- BRIEF: Repeat the entries verbatim.

(Dataset excerpts)

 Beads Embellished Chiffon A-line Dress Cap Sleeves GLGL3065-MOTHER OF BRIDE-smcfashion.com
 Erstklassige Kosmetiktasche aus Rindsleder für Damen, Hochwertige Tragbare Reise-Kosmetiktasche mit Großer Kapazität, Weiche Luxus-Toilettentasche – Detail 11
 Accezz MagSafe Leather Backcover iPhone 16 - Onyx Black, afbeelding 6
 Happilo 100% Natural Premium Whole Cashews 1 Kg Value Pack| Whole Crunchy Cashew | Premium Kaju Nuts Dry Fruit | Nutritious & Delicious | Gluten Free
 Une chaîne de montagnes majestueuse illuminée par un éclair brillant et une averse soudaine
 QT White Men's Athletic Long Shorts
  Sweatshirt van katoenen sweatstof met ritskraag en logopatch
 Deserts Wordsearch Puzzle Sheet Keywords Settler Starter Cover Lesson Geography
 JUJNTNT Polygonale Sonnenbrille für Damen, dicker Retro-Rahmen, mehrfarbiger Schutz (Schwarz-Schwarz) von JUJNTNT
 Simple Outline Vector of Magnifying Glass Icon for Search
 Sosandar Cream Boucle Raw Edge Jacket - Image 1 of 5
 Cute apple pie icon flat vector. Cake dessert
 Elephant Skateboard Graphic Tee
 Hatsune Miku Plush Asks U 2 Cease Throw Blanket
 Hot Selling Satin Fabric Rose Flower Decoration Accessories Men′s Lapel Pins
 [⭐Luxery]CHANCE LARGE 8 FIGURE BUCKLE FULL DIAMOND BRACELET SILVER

- EXERCISE RESULT:
 Beads Embellished Chiffon A-line Dress Cap Sleeves GLGL3065-MOTHER OF BRIDE-smcfashion.com
 Erstklassige Kosmetiktasche aus Rindsleder für Damen, Hochwertige Tragbare Reise-Kosmetiktasche mit Großer Kapazität, Weiche Luxus-Toilettentasche – Detail 11
 Accezz MagSafe Leather Backcover iPhone 16 - Onyx Black, afbeelding 6
 Happilo 100% Natural Premium Whole Cashews 1 Kg Value Pack| Whole Crunchy Cashew | Premium Kaju Nuts Dry Fruit | Nutritious & Delicious | Gluten Free
 Une chaîne de montagnes majestueuse illuminée par un éclair brillant et une averse soudaine
 QT White Men's Athletic Long Shorts
  Sweatshirt van katoenen sweatstof met ritskraag en logopatch
 Deserts Wordsearch Puzzle Sheet Keywords Settler Starter Cover Lesson Geography
 JUJNTNT Polygonale Sonnenbrille für Damen, dicker Retro-Rahmen, mehrfarbiger Schutz (Schwarz-Schwarz) von JUJNTNT
 Simple Outline Vector of Magnifying Glass Icon for Search
 Sosandar Cream Boucle Raw Edge Jacket - Image 1 of 5
 Cute apple pie icon flat vector. Cake dessert
 Elephant Skateboard Graphic Tee
 Hatsune Miku Plush Asks U 2 Cease Throw Blanket
 Hot Selling Satin Fabric Rose Flower Decoration Accessories Men′s Lapel Pins
 [⭐Luxery]CHANCE LARGE 8 FIGURE BUCKLE FULL DIAMOND BRACELET SILVER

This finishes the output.